→ BRIEF
Your answer should hold exactly the lines below from the line with "Samsung PL80 Quick Start Guide" through the line with "SD55108 Texas License Plate", both included, and no pictures at all.

→ RECORDS

☆ ☆ ☆

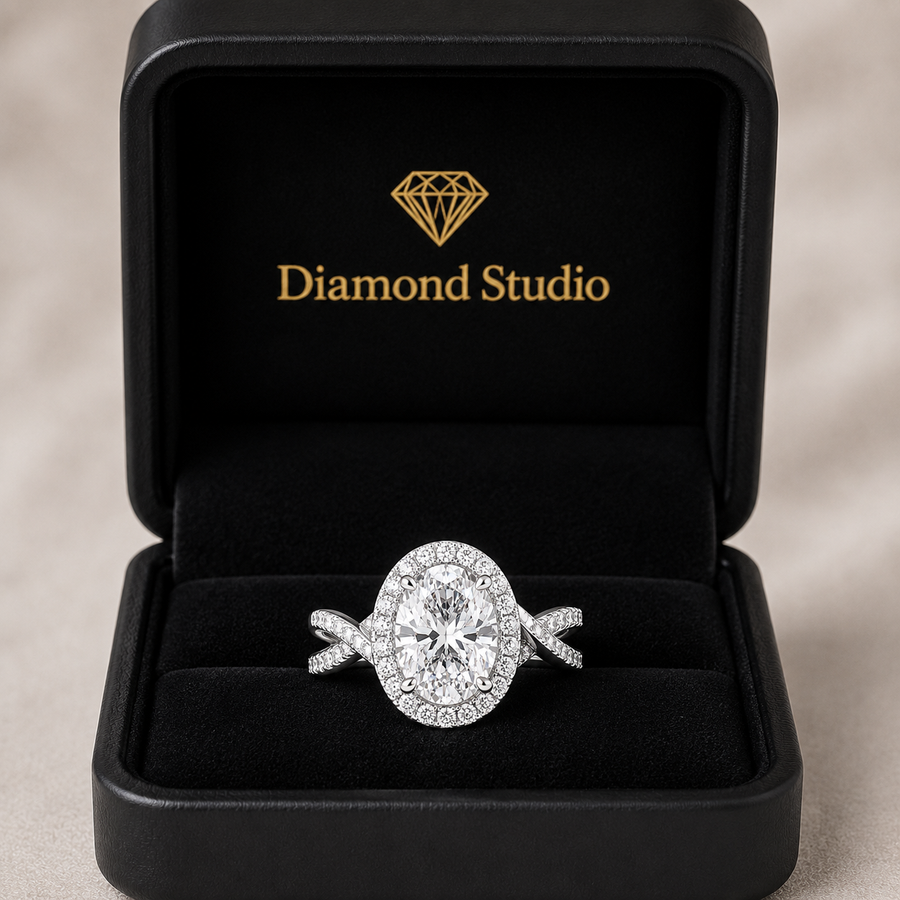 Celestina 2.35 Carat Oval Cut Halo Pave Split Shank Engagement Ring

☆ ☆ ☆

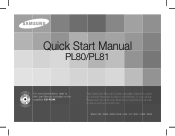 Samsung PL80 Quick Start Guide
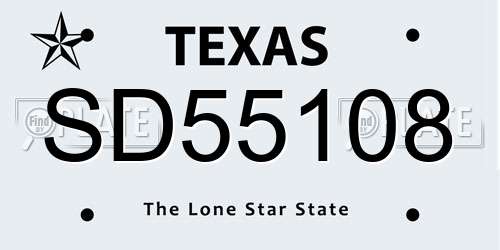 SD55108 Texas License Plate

☆ ☆ ☆

→ WRITTEN RESPONSE
 Samsung PL80 Quick Start Guide
 SD55108 Texas License Plate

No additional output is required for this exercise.